• EXERCISE OBJECTIVE:
Every line below is to be given again precisely; images are to be left out.

• GIVEN MATERIAL:

***

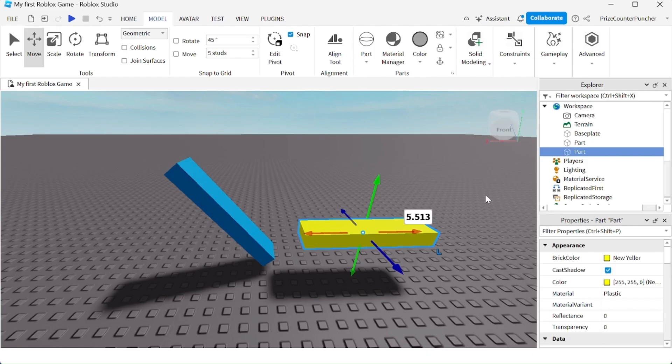You are going to learn how to build 3D models using Solid Modeling inside Roblox Studio.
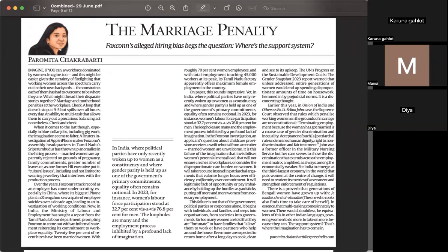Next, we are talking about the marriage penalty. Foxconn's hiring process has been found to be biased — there is discrimination against married women in the employment procedure. Foxconn specifically did not hire married women, assuming they would have family or pregnancy commitments. This has been criticized as a societal experiment against women's careers and is unrelated to actual work performance or company policies.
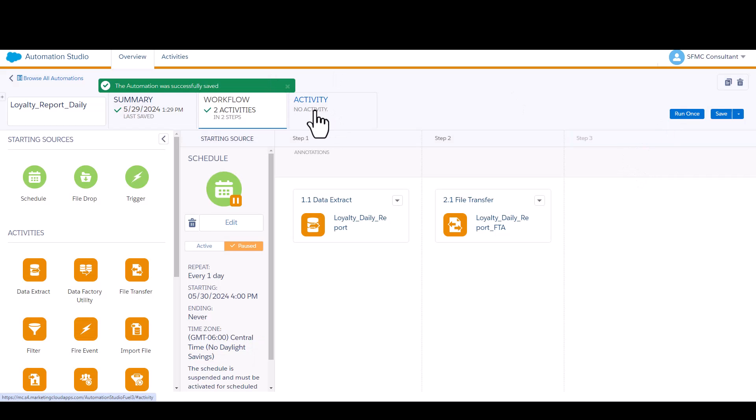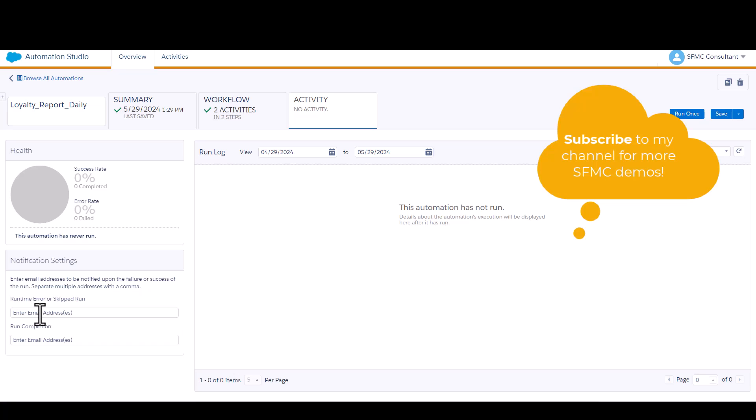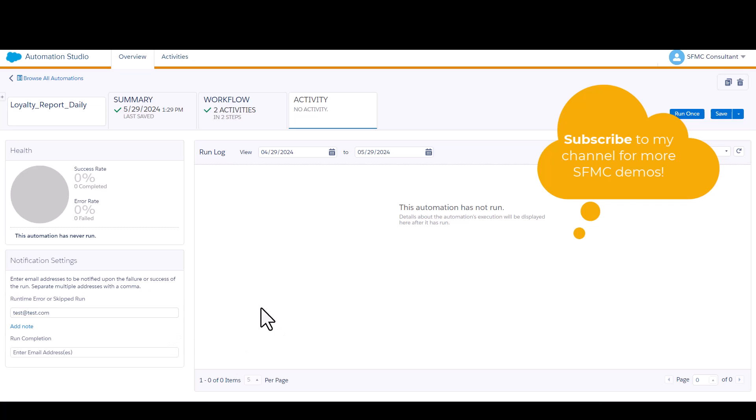If you want to make sure you receive error notifications, if for some reason this report doesn't run one day, click on activity and enter your email address in the runtime error or skipped run box. Let's do that for test purposes. Click save.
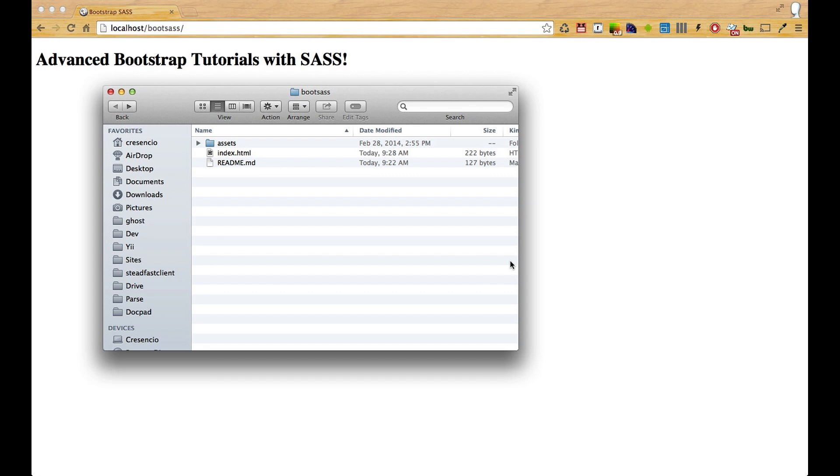Let's get started with our boot sass project. If you've gone to my GitHub page and downloaded the assets, go ahead and extract them to a folder that you can reach in your browser.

***

• RESPONSE BOX:
You are going to learn how to build 3D models using Solid Modeling inside Roblox Studio.
Next, we are talking about the marriage penalty. Foxconn's hiring process has been found to be biased — there is discrimination against married women in the employment procedure. Foxconn specifically did not hire married women, assuming they would have family or pregnancy commitments. This has been criticized as a societal experiment against women's careers and is unrelated to actual work performance or company policies.
If you want to make sure you receive error notifications, if for some reason this report doesn't run one day, click on activity and enter your email address in the runtime error or skipped run box. Let's do that for test purposes. Click save.
Let's get started with our boot sass project. If you've gone to my GitHub page and downloaded the assets, go ahead and extract them to a folder that you can reach in your browser.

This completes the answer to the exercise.